Effective Date: March 15, 2026
Contact: security@parad0xlabs.com
| Track | Status |
|---|---|
| Third-party audit | Not completed |
| AI-assisted internal review | Completed for the public repo |
| Public consistency checks | Available via npm run check:public |
| Root canonical verifier path | Published and compile-tested |
| Root canonical proof flow | Published and locally reproducible via tests/canonical-proof-flow.test.mjs |
| Public withdraw payout path | Disabled/fail-closed until amount+recipient binding is promoted into the canonical proof bundle |
| Root update authority | Restricted by RootAuthorityConfig in the current root source |
| Mainnet release assurance | Not established |
Send reports to security@parad0xlabs.com with:
- a clear description of the issue
- reproduction steps
- impact assessment
- proof-of-concept material if safe to share
This repository currently publishes:
- the canonical root devnet program, IDL, and proving artifacts
- the canonical root program, IDL, and proving artifacts
- Python and JavaScript integration helpers
- historical branches and result bundles
- review and verification documentation
- a public security model in
SECURITY_MODEL.md
If you report an issue that depends on unpublished infrastructure or unpublished source code, say so explicitly.
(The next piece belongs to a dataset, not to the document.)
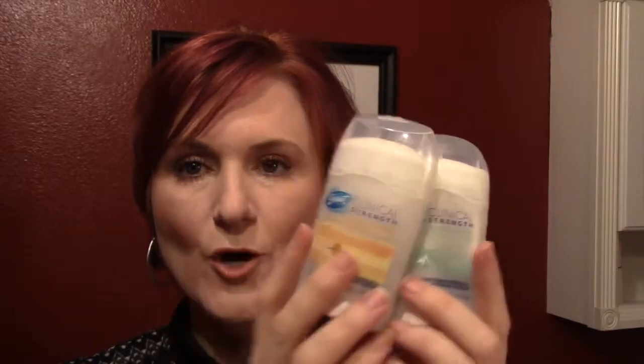My next body-related item — Secret Clinical Strength deodorant. Smelling fresh is a priority for me and I love these deodorants. I feel like they keep me fresh all day. When I get up to give presentations, my underarms want to sweat even though I don't feel nervous — so this keeps the underarms at bay. That's why I really like this. I have repurchased.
If your report depends on a historical branch or artifact bundle, say which track you mean:
- canonical root
historical/null-minthistorical/root-toy-prototype
There is currently no funded public bug bounty program attached to this repository.
- Report privately first.
- Give reasonable time to assess the issue.
- Avoid harming users or third-party infrastructure.
- Do not claim a completed external audit where none exists.